- The Washington Times - Thursday, November 1, 2001

The train leaving Penn Station in Manhattan late Tuesday night lacked the usual number of passengers bound for Union Station in the District.
I have ridden this train a zillion times over the years, and usually it is a den of chatter, activity and the like. Hey, you, yeah you with the carry-on living room set, are you spatially challenged?
But this night, seven weeks after the atrocity of September 11, the train was almost lifeless, muted, distinctly different. It was, in a way, a tiny symbol of the incongruency tugging on America. The resolve to push ahead and do what we always have done now comes with qualifiers and contradictory admonishments. Do what you always have done, yes. But to do it, you must get there early in order to deal with the increased security measures.
It was a big night in the city that never sleeps. Michael Jordan was on West 33rd, playing in his first regular season game with the Wizards following his three-season retirement. The Yankees, the U.S. Steel of sports franchises, were over in the Bronx, going against the Diamondbacks in Game 3 of the World Series.
It was a night of fun and games. It also was a night to remember the fallen heroes of September 11 the firefighters, police officers, rescue personnel and civilians who perished on that awful Tuesday morning.
The juxtaposition was disorienting, the uplifting spirit of a game set against a funereal mood. A black patch might as well have been stitched to the red, white and blue. The terrorists have done that to us, taken a piece of us, undermined who we are incrementally, and they can't be eliminated soon enough.
Anthrax is their follow-up response. There is anthrax in the mailroom, anthrax on the brain, and anthrax here, there, seemingly everywhere. The two cities, New York and Washington, share more than their self-importance and a playful antagonism with one another. They share the open scars of Osama bin Laden's twisted obsession.
"We prove every time we show up at an NBA game that we are determined to live our lives," President Bush said by video before the game at Madison Square Garden.
This is the appeal that goes with the "return to normalcy," as it is defined down along the train tracks that connect the two population centers. There are no firm answers, only a lot of somber questions of where this is leading and how long it will take to eradicate the crazy ones and what evil could be next. The rules of engagement are much clearer on a ball field or basketball court.
One of the train conductors joked that it was a turban-free zone, and the few passengers could thank God for that. The stab at humor, however politically incorrect, was not intended to demean, really, just ease the hint of uneasiness beneath the surface.

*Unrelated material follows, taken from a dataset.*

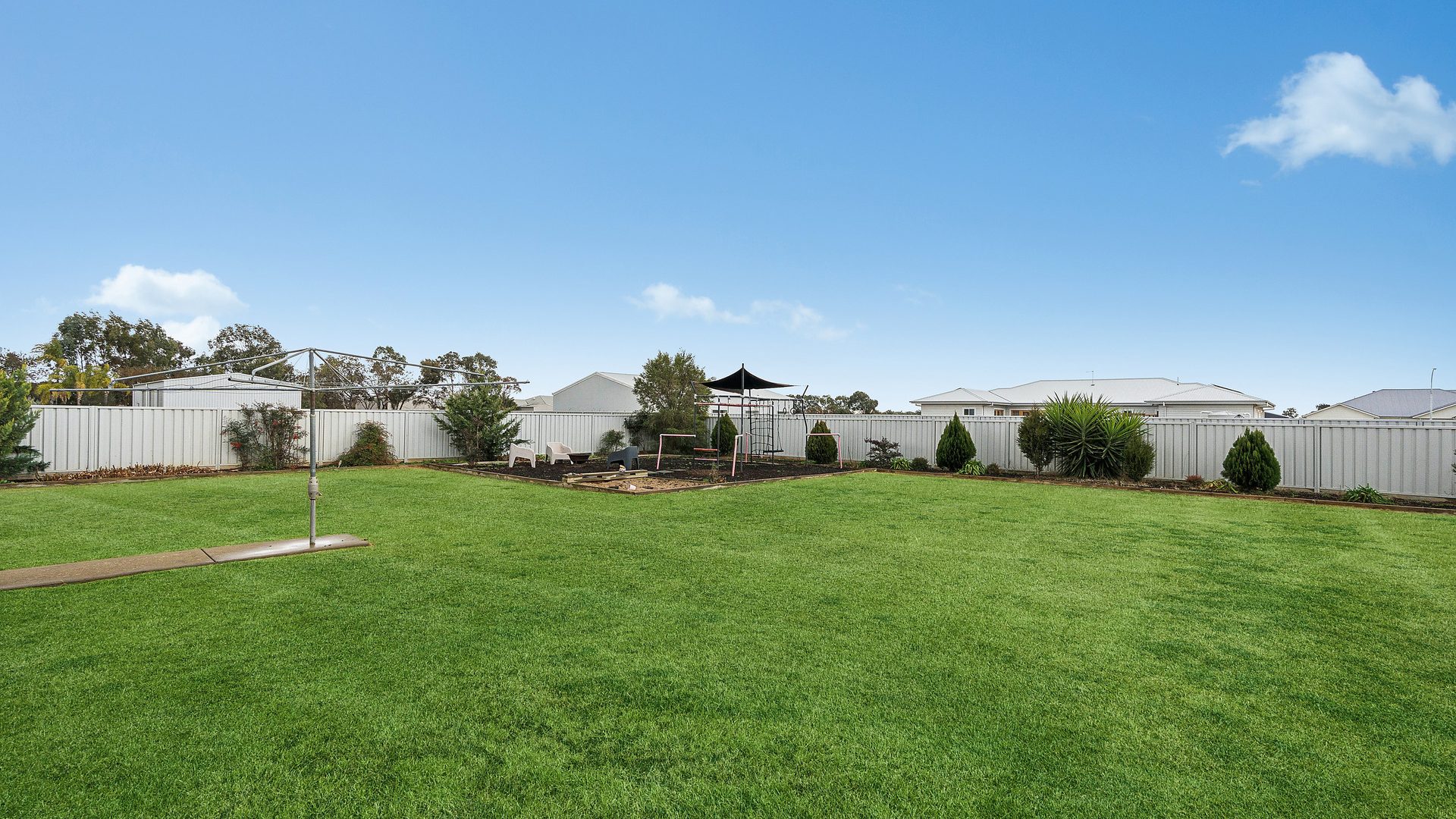 Sold - 93 Almond Road - New Property in Leeton - Real Estate by Julie Valenzisi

The Justice Department has put America on high alert again, although no one is quite sure what this means or what the correct actions are. Be alert to what? The mail? The food? The water? The public transportation system?
Meanwhile, the U.S.-led bombing campaign continues in Afghanistan, while those so-called fierce warriors of the Taliban pick new hiding spots each day.
This is Thursday, so this must be the day the Taliban hide behind children. Tomorrow, they hide behind women, and Saturday, they hide inside their mosques. But they remain unequivocally fierce, even as they hide, according to all the instant experts showing up on the airwaves.
The blowhards in the media persist in shouting their insights to the masses, tapping into the uncertainty, pretending to have a clue.
Out in the real world, along the train tracks, it was an easy ride. One fellow, apparently exhausted, cut the quiet with his snoring. He was working hard, so hard that he woke himself on occasion.
The conductors mingled with one another in the cafe car, pushing their common-sense wisdom instead of their snacks.
Next stop: Union Station.
Is this the New World Order?
If so, it is going to take considerably more time to get acclimated to it.